Currently the IT market which 1823 standard was originally intended had been swayed by USB SIG to use type C connector as alternatives. However, EU standard body had made inquiry to see if 1823 should be considered as the preferred connector for the next generation of mobile devices. Also, there are new interests from some automotive industry players that are looking at distributing DC bus inside a car (obvious that 1823 with CAN Bus as control method is preferred than USB type C which was not designed for harsh environment).

As for commercial deployment, unfortunately I don’t have a definite answer for you.

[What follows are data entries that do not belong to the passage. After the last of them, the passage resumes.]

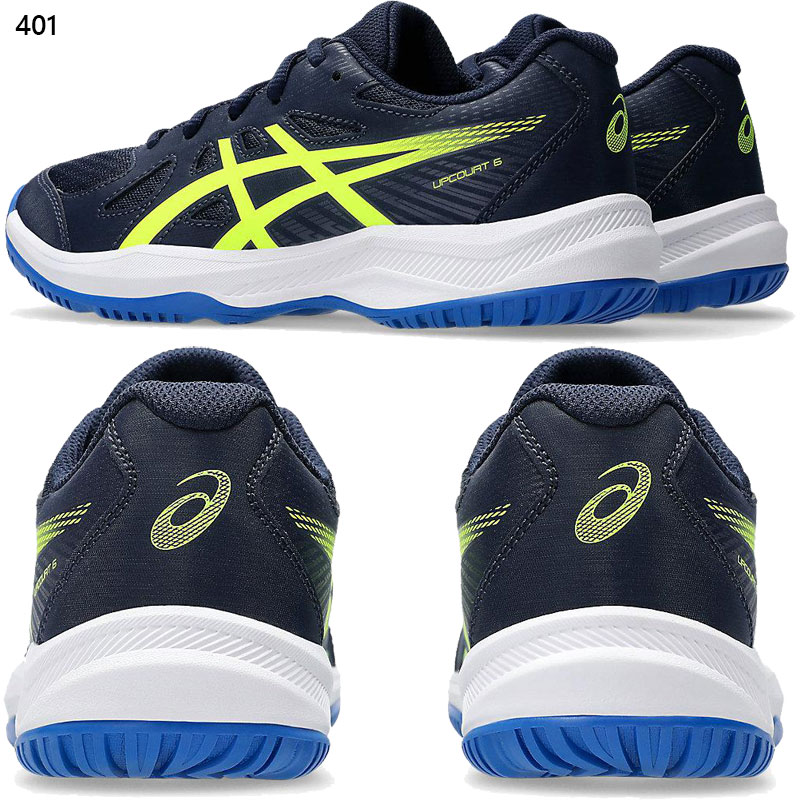 ASICS アシックス ジュニア キッズ UPCOURT 6 GS アップコート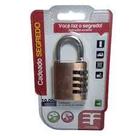 Cadeado Segredo 40mm Rose - 3F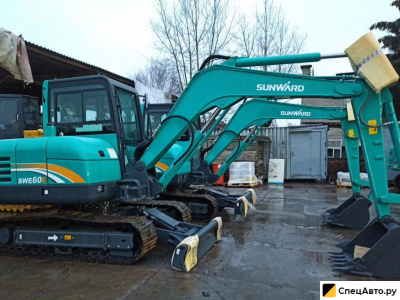 Мини-экскаватор Sunward SWE 60E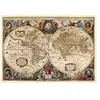 Puzzle 2000 pièces : Carte du Monde Vintage Hendrik Hondius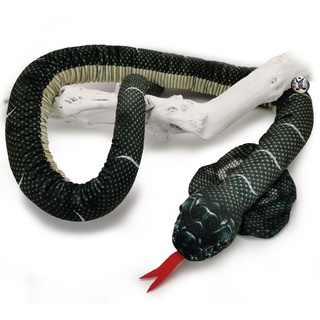 Kobra Kuscheltier Schlange Plüschtier Giftschlange Plüschschlange NASTY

Several power supply vendor in Asia had made prototypes about 2 years ago but I did not get any further updates after that.
— Leonard Tsai, "Status for Universal Power Adapter for Mobile Devices (2019)"

== History ==
The Standards Association of the Institute of Electrical and Electronics Engineers (IEEE) approved the Universal Power Adapter for Mobile Devices working group on June 17, 2010.
The project was sponsored by the Microprocessor Standards Committee of the IEEE Computer Society.

On 15 May 2015 the standard was published as IEEE Std 1823-2015.

== See also ==
- USB Power Delivery Rev. 3.1 - includes Standard Power Range (SPR) mode with up to 100 W of power (20 V @ 5 A) and Extended Power Range (EPR) mode with up to 240 W of power (48 V @ 5 A)
- IEC 62700 "IEC Technical Specification 62700: DC Power supply for notebook computer"
- Common external power supply for smartphones (EN 62684:2010 / IEC 62684:2011)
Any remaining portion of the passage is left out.